Gentrificação/Guetização
Após a divulgação de rankings dos resultados escolares, há sempre uma série de subprodutos noticiosos e opinativos que se dedicam a (pretensamente) analisar diversas variáveis do contexto das escolas do topo ou da base do escalonamento. Quase sempre partindo de pressupostos ideológicos, é raro dedicarem-se a interpretar a realidade, preferindo a enunciação de narrativas pré-estabelecidas. Ainda menos habitual é tentarem estabelecer relações mais do que superficiais entre as tendências de médio prazo dos resultados e as políticas públicas no sector da Educação.
Nos últimos anos, sucederam-se constatações como “Só 10% dos alunos mais pobres conseguem chegar ao topo dos resultados em leitura” (Observador, 3 de Dezembro de 2019), “Alunos mais pobres têm piores resultados em Lisboa e no Sul do país” (Público, 14 de Julho de 2023), “Alunos mais pobres com maior taxa de insucesso no 1.º ciclo” (CNN Portugal, 20 de Fevereiro de 2025) ou “Dificuldade em concluir estudos no tempo esperado agravou-se entre alunos mais pobres” (Público, 12 de Abril de 2025). Esta é uma pequena amostra sobre o declínio dos resultados dos alunos, em especial das camadas mais desfavorecidas, e nem inclui o destaque dado ao crescente fosso entre os colégios privados e as escolas públicas de topo.
Apesar deste interesse, houve a preocupação de relacionar o discurso político em torno da “inclusão”, “equidade” e “justiça social” e os resultados concretos das políticas desenvolvidas, em especial do seu evidente fracasso? Houve preocupação em perceber como se agravaram as desigualdades entre algum ensino privado e o ensino público ou, no caso deste, entre as escolas que mantêm bons resultados e aquelas que estagnaram ou definham?
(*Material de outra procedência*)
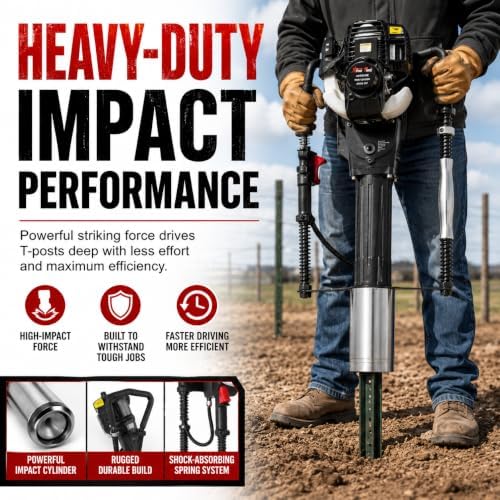 XtremepowerUS 38cc Gas Powered Fence Post Driver, 4-Stroke T-Post Driver, Heavy Duty Gasoline Pile Driver for T-Posts, Ground Rods & Steel Stakes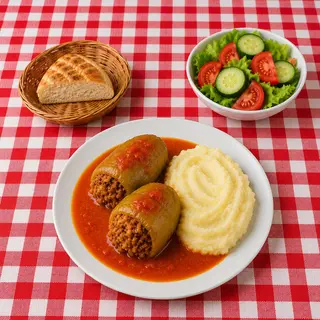 Komplet obrok: Punjena paprika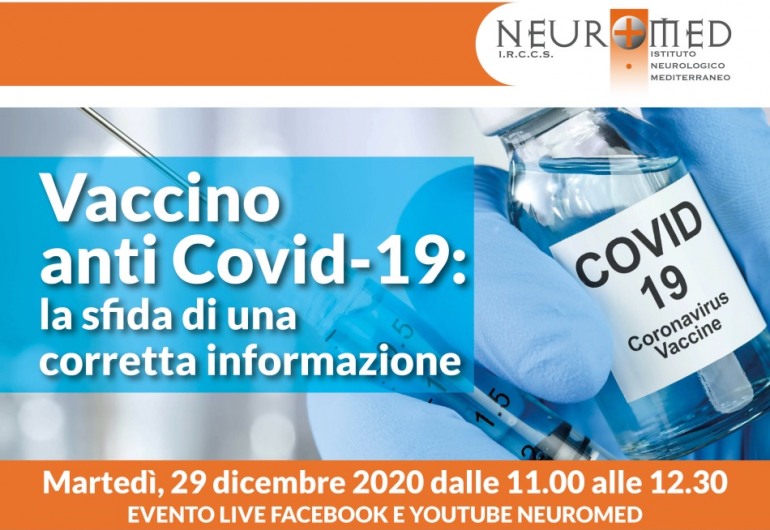 Vaccino anti Covid-19: dal Neuromed una diretta Facebook e YouTube per l’informazione responsabile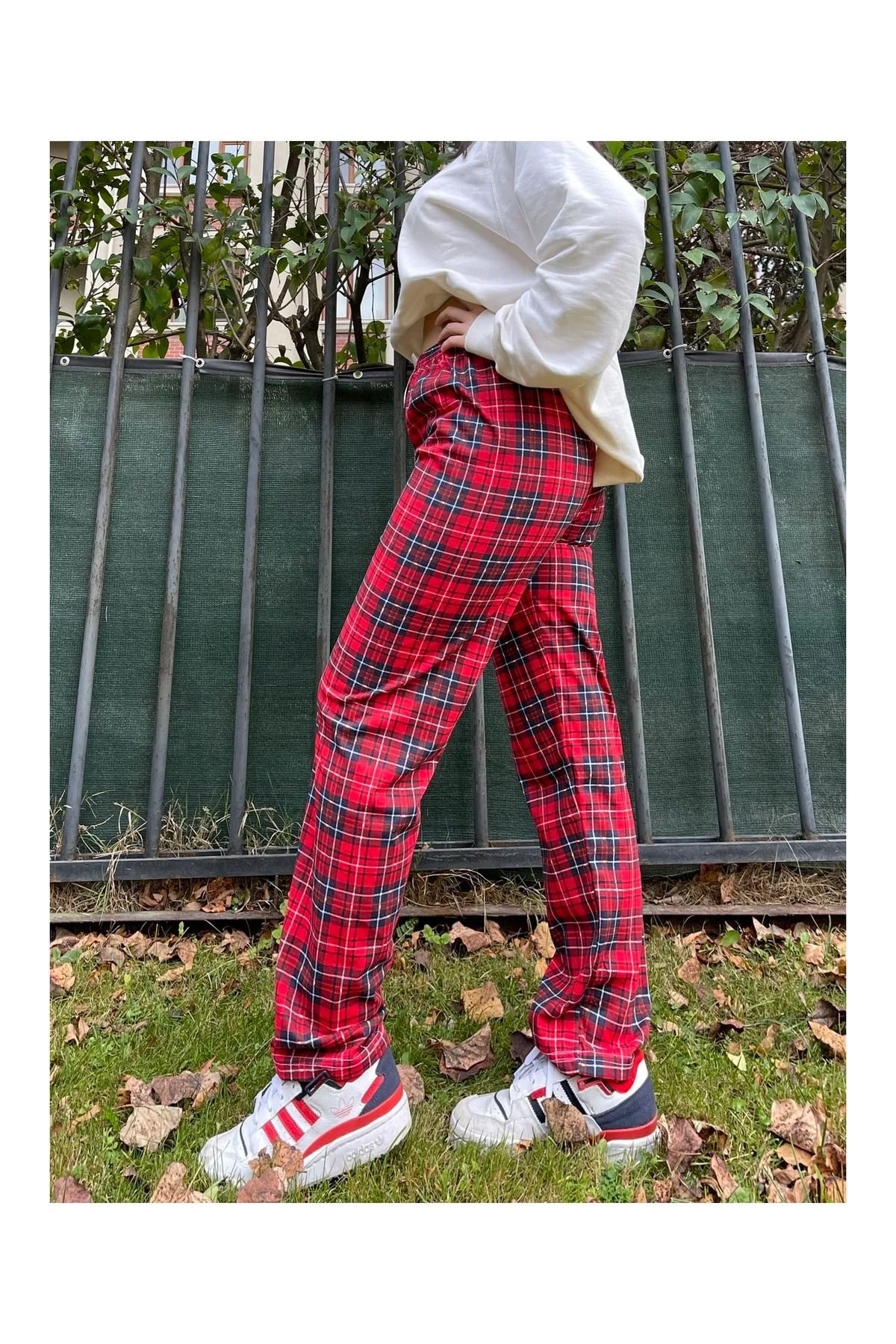Modaley Giyim-Women's Pajama Bottoms with Plaid Pattern and Ribbon -Ml01 4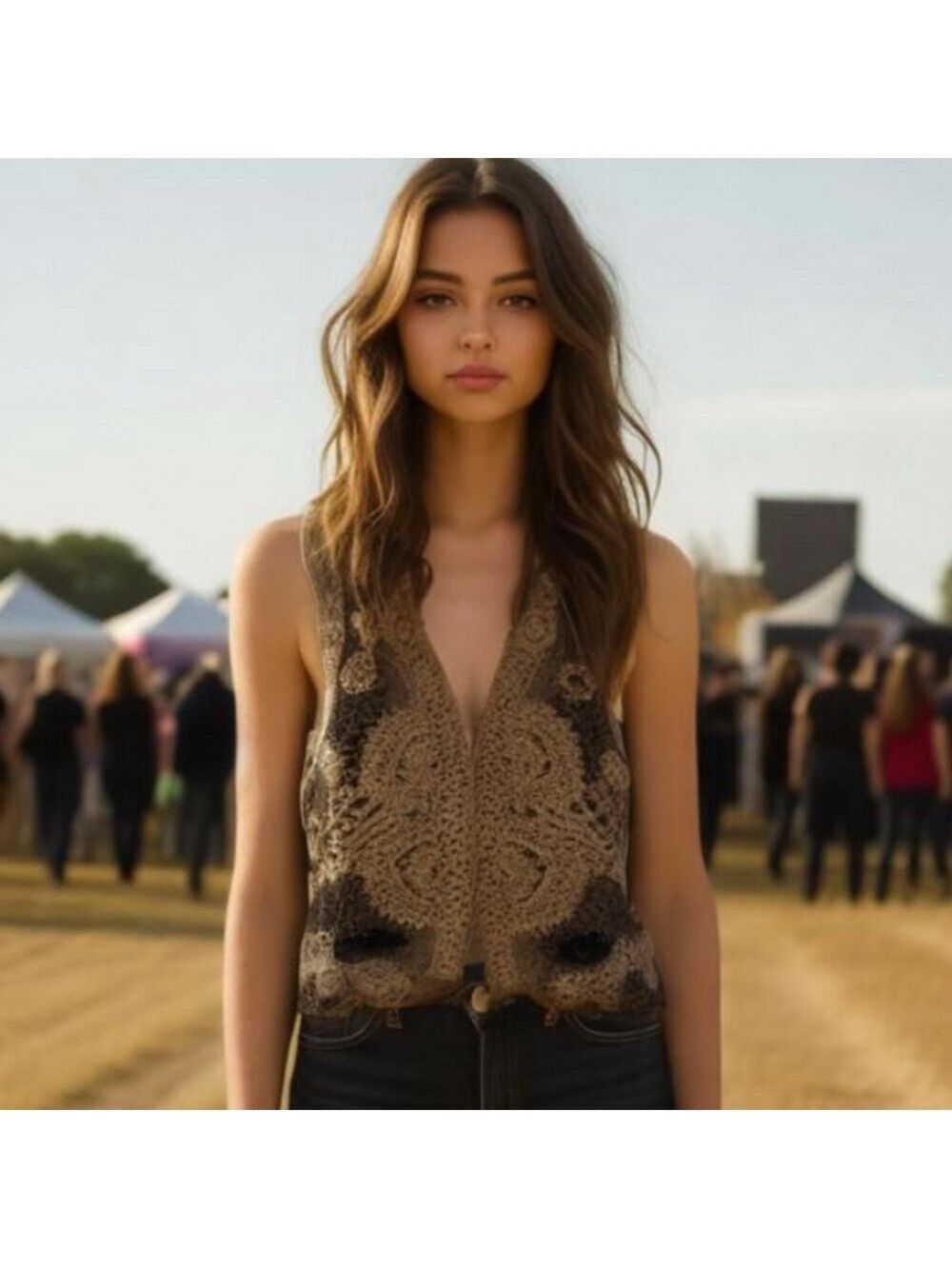 Vintage Silk Vest Lace Embellished Beads Sequin Floral Boho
Já houve o cuidado de perceber que, como em outras paragens (cf. Robert Putnam, Our Kids. The American Dream in Crisis, 2015), se agravou um processo de gentrificação escolar, a par de fenómenos equivalentes em termos de urbanismo e zonamento habitacional? Assim como o seu inverso, ou seja, a crescente guetização escolar, com o erguer de muros que limitam as possibilidades de miscigenação social, coesão e solidariedade social?
Raphaël Glucksmann descreve com clareza estes processos de fragmentação social e separação entre os frequentadores dos ensinos público e privado:
“Os estabelecimentos estando sectorizados não cumprem mais a mesma missão num país onde os burgueses e os proletários vivem em [espaços] diferentes. Ainda mais quando se junta à secessão espacial o separatismo escolar. As escolas ditas ‘livres’ escolarizam a mesma proporção de estudantes (…) do que há 30 anos. Mas as suas características sociais mudaram. O que resultava de uma escolha confessional é agora uma decisão de classe.” (Les Enfants du Vide, 2018, p. 71)
Enquanto se definirem políticas na base das proclamações de boas intenções, os fenómenos de desigualdade e guetização continuarão a crescer.